The Beatles' human side

Before I returned from my studies in London, I made a trip to the suburbs to see a road.

There, situated in the quiet residential neighbourhood of St John's Wood, lies what must be the most-crossed road in the city.

People are constantly walking, stopping in mid-stride, giggling, going back, then crossing again, in what appears to be a gathering of the most indecisive pedestrians in the world.

But most of them are probably just like me - nuts about the Beatles.

The location is Abbey Road and the picture everyone is trying to recreate is the album cover photo from the band's iconic 1969 album of the same name.

In that picture, the four of them are nonchalantly walking across a zebra crossing in Abbey Road, located near the EMI Studios where they recorded the album.
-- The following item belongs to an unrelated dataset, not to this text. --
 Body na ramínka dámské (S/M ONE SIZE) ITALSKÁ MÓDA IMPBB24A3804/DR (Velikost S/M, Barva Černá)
With a policeman helping photographer Iain Macmillan hold up traffic for 10 minutes, the Beatles were able to cross what looked like a deserted road.

In real life, Abbey Road is never that quiet.

Tourists and fans from all over the world descend on it to take pictures in between breaks in the traffic. People have been seen doing splits on the road and crossing it dressed in a yellow submarine costume.

It really annoys the local drivers.

But it's not hard to see why fans are so devoted to the band made up of four lads from Liverpool - John Lennon, Paul McCartney, George Harrison and Ringo Starr.

This year marks the 50th anniversary of the Beatles' "invasion" of the United States, when their 1964 performance on the The Ed Sullivan Show kicked off Beatlemania and spawned a million screaming teenage girls.

They performed four songs that night: All My Loving, She Loves You, I Saw Her Standing There and I Want to Hold Your Hand.

From there the Fab Four would move on to produce melodious classics like Yesterday, Here, There And Everywhere and Hey Jude, while churning out edgier numbers such as Yer Blues, Tomorrow Never Knows and Helter Skelter.

But the Beatles are more than a catalogue of incredible songs. I find them compelling because - for all their great music and superstardom - they were easy to relate to.

There was a cheekiness about them when they first made it big barely out of their teens. They viewed their meteoric rise - after years of playing in dingy nightclubs - with some bemusement.

Just for fun, they would stop singing in the middle of the songs at their concerts to see if anyone noticed above all the screaming. No one did.

The intense attention on the quartet, who were often famously chased down streets by their fans, meant that they often bonded while huddled up in hotel rooms.

But the closeness bred contempt. After the death of their father figure and manager Brian Epstein in 1967, they began fracturing.

Little differences and tastes in music were magnified. John started exploring darker material. Paul pushed for greater control. George wanted the two older, more established band members to give him more credit and space. Ringo, tired of the bickering, was almost the first to throw in the towel. The best of buddies got on each other's nerves.

Barely three years later, the Beatles broke up acrimoniously, each man relieved that he was no longer associated with the band.

This core narrative of friendships forged and broken within a tight circle had always made the Beatles seem very human to me.

For despite the pressures that came with their success, they worked to keep their relationship going, even in the latter days, until nothing seemed to work anymore.

That's how I've seen many friendships, and marriages for that matter, formed and broken in my life as well. Inseparable friends stop talking to each other for years, through an accumulation of issues that may not even be anyone's fault, but produces a gulf that can no longer be bridged.

The Beatles finally started reconciling many years after they got the personal space they needed. But just when they were starting to put the old wounds aside, John was killed by a crazed gunman in 1980.

The fans would never get to see the greatest band ever reunite. The Beatles would never get proper closure.

As individuals, the members of the Beatles found some success, but never to the level they achieved as a group. There was something really special about their friendship.

For that reason, Abbey Road is also poignant because it was the final album that they worked on together.

The last song on Abbey Road is The End. It features all four of them trading drum and guitar solos before ending with one simple line: "And in the end, the love you take is equal to the love you make."

As 2014 draws to a close, this line, and the story of the band which came up with it, may be worth reflecting on.